> Source data:

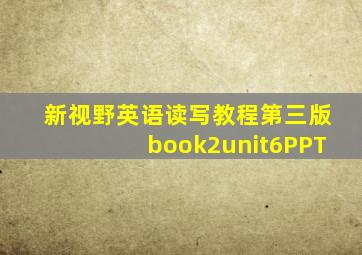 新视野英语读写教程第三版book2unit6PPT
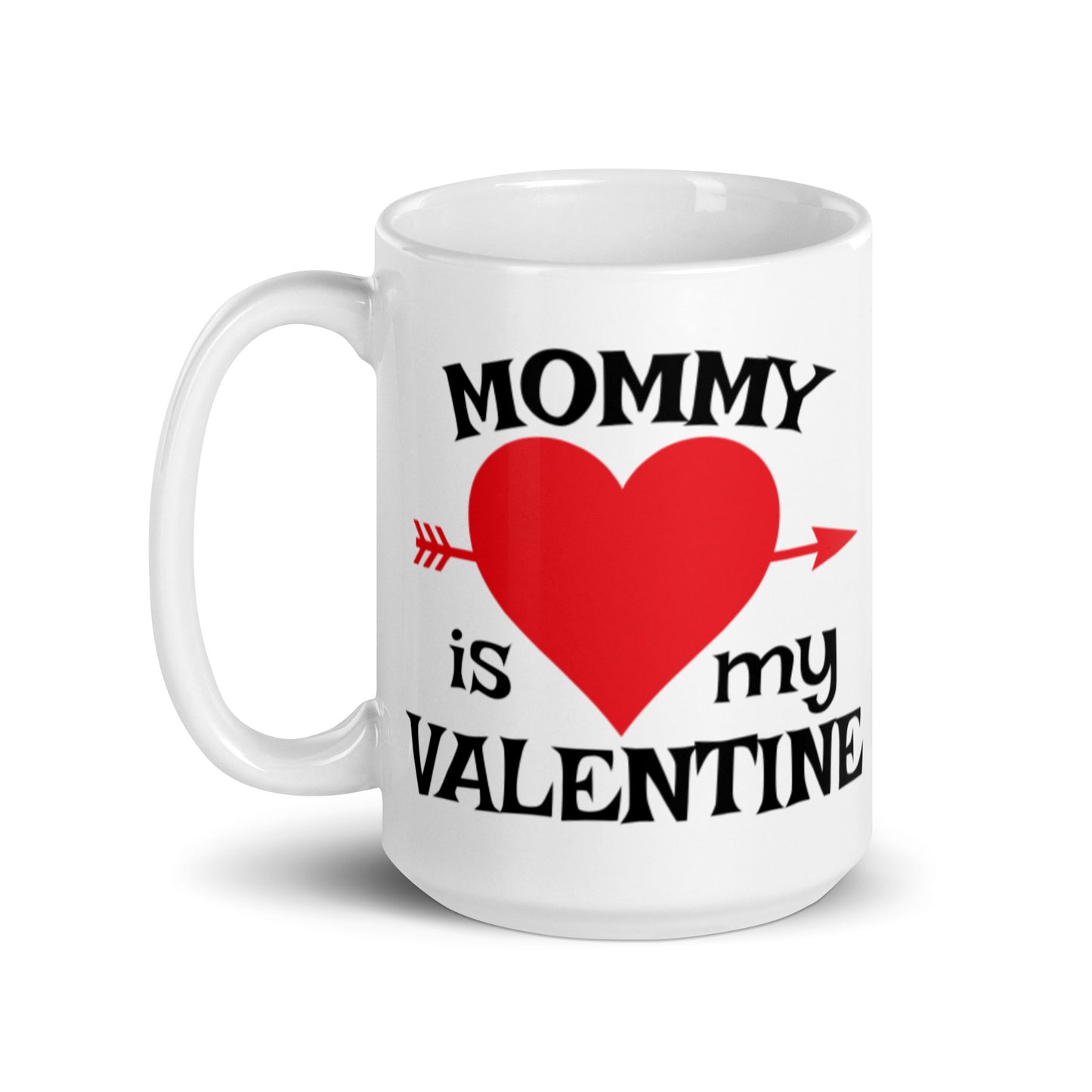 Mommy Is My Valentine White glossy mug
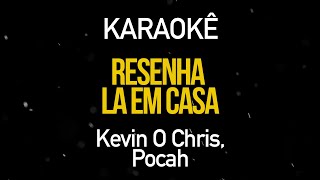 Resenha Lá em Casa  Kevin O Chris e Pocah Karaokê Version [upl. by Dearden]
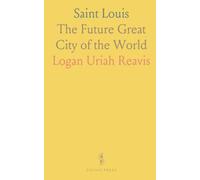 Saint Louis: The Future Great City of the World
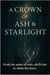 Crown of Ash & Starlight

> Task brief: Exact copies of the entries above are needed, with every picture removed.

> Exercise solution:
 新视野英语读写教程第三版book2unit6PPT
 Mommy Is My Valentine White glossy mug
 Resenha Lá em Casa  Kevin O Chris e Pocah Karaokê Version [upl. by Dearden]
 Saint Louis: The Future Great City of the World
 Crown of Ash & Starlight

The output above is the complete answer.